INPUT FOR THIS TASK Start Marker

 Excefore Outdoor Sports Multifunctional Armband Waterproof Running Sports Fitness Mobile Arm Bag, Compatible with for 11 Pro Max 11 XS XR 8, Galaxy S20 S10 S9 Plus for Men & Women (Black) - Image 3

INPUT FOR THIS TASK End Marker
INPUT FOR THIS TASK Start Marker

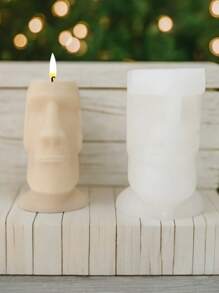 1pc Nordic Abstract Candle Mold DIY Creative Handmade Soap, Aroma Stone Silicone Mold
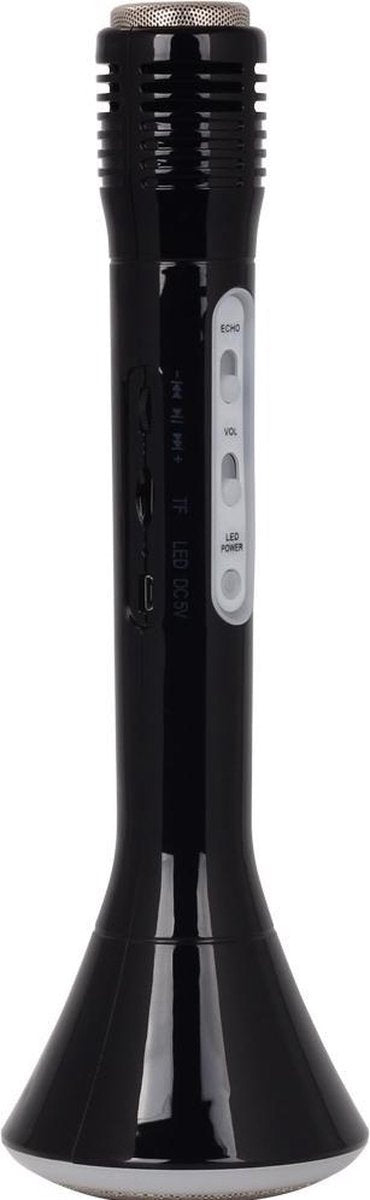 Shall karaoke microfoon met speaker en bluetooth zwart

INPUT FOR THIS TASK End Marker
INPUT FOR THIS TASK Start Marker

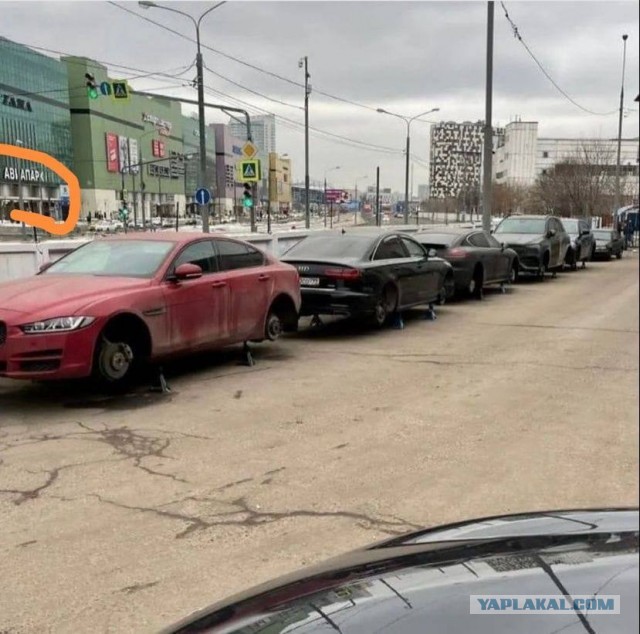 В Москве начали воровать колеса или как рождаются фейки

INPUT FOR THIS TASK End Marker

*EXERCISE PROMPT*: Within the listing above, the stretch from the line with "1pc Nordic Abstract" down to the line with "Shall karaoke microfoon" is to be given again exactly, end lines included and pictures excluded.

*EXERCISE SOLUTION*:
 1pc Nordic Abstract Candle Mold DIY Creative Handmade Soap, Aroma Stone Silicone Mold
 Shall karaoke microfoon met speaker en bluetooth zwart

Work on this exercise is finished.